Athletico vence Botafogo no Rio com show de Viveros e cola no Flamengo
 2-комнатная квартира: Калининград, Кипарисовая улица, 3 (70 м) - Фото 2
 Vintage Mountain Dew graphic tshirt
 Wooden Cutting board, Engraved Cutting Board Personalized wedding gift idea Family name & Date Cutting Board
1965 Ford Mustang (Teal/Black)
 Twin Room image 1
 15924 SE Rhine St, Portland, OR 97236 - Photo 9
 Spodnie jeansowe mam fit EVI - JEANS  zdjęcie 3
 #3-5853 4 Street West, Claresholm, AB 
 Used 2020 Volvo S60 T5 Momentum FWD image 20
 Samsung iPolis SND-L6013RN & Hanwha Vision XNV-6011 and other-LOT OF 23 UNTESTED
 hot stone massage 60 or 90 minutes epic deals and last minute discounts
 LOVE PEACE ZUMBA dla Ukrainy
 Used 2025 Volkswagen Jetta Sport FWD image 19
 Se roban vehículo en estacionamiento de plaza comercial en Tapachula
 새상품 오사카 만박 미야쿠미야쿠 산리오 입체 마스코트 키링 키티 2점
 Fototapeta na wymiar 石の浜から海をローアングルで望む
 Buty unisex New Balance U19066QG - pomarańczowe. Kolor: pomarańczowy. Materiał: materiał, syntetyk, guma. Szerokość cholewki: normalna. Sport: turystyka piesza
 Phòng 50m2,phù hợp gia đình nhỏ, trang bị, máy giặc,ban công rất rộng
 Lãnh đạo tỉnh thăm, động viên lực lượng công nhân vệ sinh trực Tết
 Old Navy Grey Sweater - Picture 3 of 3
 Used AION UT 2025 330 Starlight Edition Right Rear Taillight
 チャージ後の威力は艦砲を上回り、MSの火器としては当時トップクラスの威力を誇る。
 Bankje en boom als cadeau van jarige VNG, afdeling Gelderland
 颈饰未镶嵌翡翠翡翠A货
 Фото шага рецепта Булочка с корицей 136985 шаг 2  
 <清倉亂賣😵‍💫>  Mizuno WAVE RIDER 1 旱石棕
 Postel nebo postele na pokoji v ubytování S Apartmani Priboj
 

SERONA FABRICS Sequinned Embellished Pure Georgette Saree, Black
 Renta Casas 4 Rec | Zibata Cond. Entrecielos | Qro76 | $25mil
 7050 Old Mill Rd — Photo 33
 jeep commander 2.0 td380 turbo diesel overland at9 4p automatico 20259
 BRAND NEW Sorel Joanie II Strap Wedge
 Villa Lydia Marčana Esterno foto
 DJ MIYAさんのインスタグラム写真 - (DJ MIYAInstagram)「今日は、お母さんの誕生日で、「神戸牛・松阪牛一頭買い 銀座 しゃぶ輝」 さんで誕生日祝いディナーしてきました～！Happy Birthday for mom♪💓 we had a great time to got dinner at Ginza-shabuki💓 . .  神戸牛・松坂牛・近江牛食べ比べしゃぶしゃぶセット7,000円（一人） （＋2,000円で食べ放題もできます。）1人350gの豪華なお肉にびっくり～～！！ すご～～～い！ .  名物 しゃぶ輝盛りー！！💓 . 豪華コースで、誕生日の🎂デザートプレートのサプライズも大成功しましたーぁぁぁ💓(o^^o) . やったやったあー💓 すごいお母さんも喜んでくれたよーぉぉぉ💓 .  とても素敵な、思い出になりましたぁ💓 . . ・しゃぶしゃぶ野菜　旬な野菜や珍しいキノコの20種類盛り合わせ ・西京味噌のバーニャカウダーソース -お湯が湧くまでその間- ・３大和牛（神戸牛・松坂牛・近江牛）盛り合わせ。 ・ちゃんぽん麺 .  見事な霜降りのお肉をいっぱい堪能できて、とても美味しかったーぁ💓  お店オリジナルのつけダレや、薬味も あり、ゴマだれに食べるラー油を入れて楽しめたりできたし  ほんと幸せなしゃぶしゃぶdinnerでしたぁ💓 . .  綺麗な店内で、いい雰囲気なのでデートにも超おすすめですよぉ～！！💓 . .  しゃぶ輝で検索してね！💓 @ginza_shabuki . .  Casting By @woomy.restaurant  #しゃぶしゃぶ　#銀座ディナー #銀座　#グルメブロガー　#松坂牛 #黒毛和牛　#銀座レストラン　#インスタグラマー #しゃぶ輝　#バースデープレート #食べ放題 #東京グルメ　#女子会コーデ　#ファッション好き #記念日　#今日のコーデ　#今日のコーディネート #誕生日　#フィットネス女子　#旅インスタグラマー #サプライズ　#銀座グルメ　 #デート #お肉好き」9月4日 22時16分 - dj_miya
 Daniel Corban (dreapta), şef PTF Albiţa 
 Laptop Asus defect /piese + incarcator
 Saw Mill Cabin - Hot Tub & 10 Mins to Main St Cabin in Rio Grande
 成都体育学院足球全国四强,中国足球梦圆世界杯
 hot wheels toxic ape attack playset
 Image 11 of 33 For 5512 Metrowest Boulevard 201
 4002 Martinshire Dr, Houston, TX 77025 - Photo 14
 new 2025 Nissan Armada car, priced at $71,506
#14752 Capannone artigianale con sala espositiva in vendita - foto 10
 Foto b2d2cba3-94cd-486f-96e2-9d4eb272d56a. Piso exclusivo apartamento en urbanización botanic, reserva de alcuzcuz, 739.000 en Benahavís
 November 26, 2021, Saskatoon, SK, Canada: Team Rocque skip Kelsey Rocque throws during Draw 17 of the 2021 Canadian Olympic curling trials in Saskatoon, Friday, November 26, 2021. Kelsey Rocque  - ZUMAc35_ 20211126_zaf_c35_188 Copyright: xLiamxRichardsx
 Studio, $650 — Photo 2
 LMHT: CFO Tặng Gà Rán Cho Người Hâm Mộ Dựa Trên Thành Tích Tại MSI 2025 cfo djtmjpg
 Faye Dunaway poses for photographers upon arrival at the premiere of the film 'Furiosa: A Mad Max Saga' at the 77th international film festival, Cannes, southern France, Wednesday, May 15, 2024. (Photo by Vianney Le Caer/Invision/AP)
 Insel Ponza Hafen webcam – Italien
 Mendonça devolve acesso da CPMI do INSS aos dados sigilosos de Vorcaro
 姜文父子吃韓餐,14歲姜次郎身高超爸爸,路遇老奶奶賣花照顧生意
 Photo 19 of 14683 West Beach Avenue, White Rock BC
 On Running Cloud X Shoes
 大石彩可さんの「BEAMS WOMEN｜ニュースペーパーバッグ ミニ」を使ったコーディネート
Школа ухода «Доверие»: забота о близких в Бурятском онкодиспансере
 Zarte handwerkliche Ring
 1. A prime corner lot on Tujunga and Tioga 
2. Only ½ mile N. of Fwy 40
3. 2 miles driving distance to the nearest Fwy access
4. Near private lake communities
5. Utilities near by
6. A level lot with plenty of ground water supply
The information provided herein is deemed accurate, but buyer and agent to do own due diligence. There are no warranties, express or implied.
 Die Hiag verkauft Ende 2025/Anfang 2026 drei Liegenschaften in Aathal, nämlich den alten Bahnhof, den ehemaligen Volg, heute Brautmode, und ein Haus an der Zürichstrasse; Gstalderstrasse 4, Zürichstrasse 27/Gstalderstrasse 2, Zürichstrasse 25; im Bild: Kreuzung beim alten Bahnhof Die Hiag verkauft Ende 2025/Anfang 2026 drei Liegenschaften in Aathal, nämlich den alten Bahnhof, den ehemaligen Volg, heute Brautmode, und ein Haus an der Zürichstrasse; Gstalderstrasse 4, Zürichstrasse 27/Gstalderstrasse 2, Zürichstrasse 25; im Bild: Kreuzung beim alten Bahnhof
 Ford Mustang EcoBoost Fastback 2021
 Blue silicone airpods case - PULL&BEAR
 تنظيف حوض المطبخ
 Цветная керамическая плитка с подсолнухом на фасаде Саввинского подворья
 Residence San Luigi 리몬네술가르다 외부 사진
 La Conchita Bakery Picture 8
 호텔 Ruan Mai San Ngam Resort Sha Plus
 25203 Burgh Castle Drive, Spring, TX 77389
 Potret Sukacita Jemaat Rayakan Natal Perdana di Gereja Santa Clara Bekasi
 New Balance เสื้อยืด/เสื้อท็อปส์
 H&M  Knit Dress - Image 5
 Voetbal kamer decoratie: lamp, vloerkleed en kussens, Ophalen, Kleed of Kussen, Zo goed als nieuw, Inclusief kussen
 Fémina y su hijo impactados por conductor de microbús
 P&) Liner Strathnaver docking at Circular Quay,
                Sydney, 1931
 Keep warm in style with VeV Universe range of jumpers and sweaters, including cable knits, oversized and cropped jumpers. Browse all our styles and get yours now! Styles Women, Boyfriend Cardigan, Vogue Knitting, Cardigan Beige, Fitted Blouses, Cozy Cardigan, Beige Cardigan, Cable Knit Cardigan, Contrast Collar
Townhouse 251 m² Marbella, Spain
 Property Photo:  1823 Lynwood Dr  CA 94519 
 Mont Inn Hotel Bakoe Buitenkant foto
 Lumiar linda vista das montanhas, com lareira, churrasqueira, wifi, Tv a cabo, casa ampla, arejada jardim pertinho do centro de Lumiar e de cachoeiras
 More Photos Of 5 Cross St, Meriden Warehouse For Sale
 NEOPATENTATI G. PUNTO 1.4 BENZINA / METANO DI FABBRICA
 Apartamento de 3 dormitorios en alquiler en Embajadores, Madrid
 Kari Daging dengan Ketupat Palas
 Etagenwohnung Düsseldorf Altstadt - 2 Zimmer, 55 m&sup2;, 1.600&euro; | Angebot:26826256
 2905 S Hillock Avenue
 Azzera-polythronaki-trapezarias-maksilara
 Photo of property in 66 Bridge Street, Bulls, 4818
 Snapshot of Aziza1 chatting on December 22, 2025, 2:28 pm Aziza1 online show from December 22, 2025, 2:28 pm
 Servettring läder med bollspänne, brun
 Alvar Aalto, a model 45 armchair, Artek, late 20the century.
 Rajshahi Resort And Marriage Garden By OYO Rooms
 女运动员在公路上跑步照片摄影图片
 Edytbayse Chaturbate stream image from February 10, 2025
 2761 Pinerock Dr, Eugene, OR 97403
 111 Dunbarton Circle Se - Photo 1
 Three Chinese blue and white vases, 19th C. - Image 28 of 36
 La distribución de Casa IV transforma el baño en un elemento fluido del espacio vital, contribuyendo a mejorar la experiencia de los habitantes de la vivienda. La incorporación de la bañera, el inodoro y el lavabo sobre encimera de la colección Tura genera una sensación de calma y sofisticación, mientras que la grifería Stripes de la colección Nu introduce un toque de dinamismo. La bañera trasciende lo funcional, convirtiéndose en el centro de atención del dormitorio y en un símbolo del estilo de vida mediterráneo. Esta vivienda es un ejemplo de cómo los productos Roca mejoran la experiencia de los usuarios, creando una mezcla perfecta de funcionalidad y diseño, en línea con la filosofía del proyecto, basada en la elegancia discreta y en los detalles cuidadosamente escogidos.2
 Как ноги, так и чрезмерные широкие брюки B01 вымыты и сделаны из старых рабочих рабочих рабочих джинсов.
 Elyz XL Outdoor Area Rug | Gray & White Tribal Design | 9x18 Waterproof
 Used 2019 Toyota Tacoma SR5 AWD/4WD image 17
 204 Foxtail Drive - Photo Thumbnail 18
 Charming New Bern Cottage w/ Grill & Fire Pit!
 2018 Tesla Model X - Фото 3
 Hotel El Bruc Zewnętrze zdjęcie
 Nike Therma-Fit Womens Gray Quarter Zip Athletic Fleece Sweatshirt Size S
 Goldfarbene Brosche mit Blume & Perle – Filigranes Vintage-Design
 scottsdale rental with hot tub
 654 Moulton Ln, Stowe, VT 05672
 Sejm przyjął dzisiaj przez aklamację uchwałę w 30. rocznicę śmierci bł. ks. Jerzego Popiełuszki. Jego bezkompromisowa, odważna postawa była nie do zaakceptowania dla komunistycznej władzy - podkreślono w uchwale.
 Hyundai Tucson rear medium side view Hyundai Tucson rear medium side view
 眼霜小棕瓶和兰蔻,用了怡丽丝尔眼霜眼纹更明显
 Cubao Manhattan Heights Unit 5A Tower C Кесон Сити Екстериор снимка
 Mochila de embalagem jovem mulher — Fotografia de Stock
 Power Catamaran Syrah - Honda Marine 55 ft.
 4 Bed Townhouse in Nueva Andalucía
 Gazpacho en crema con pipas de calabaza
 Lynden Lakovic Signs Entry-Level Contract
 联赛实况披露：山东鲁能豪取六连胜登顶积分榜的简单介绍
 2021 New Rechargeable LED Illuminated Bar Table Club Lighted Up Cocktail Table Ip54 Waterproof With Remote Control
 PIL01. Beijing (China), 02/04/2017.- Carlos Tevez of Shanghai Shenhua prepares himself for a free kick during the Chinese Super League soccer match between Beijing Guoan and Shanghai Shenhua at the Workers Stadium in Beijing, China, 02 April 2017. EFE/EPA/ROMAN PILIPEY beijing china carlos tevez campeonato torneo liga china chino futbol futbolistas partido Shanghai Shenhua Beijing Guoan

_ _ _

[What you are asked to do]: Of the entries above, repeat exactly the lines from the line with "2761 Pinerock Dr, Eugene, OR 97403" through the line with "Three Chinese blue", both of them included.

[Result]:
 2761 Pinerock Dr, Eugene, OR 97403
 111 Dunbarton Circle Se - Photo 1
 Three Chinese blue and white vases, 19th C. - Image 28 of 36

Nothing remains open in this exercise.